Small tweaks made to the Chrome browser on Linux mean that Ubuntu users will soon be able to enjoy Netflix with no hacking required. At the moment a little bit of user agent spoofing and related tweaking is required to stream the on-demand service to Linux, but this will no longer be necessary once the most recent edition of a security protocol is pushed out.
The key change relates to Network Security Services (NSS), a type of verification system that is required by Netflix to manage its integrated DRM and to make sure you’re not busy downloading everything in the site’s library. NSS is an open-source collection of protocols managed by Oracle, Google, Firefox and various other companies.
News of the update was posted to a Ubuntu development forum by senior Netflix engineer Paul Adolph. Once the operating system gets the updated version of NSS (which should be in a couple of weeks), everyone running Ubuntu and Chrome will be able to tap into Netflix’s collection, no user agent trickery required.
Last year Netflix added HTML 5 video support to its service to work alongside Microsoft Silverlight, meaning more platforms — including Chrome OS — could take advantage of the site.

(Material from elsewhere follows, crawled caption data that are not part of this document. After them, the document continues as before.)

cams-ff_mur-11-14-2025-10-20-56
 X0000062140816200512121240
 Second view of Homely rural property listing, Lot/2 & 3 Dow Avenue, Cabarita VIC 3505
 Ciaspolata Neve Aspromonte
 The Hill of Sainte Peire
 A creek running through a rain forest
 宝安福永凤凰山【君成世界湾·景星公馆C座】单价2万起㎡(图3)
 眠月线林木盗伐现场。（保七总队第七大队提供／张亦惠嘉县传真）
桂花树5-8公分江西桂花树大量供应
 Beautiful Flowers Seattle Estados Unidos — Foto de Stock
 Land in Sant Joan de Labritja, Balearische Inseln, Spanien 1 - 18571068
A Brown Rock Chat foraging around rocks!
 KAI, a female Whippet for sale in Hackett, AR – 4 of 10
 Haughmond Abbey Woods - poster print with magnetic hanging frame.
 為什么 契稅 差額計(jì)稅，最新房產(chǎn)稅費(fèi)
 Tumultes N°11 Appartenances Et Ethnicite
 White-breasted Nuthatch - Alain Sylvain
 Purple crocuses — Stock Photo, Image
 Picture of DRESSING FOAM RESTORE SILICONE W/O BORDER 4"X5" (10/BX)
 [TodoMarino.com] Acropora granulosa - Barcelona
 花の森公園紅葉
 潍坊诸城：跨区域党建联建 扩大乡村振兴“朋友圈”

That same HTML 5 technology, together with the imminent security update, means Netflix will be available just about anywhere. The on-demand video service has been busy expanding across Europe during September, opening for business in France, Germany, Austria, Switzerland, Belgium, and Luxembourg.
Linux code underpins a whole range of different devices — it’s what Android is built on, for example — but it remains a niche product as far as desktops and laptops go, with just 1.67 percent of systems running the open-source software at the last count.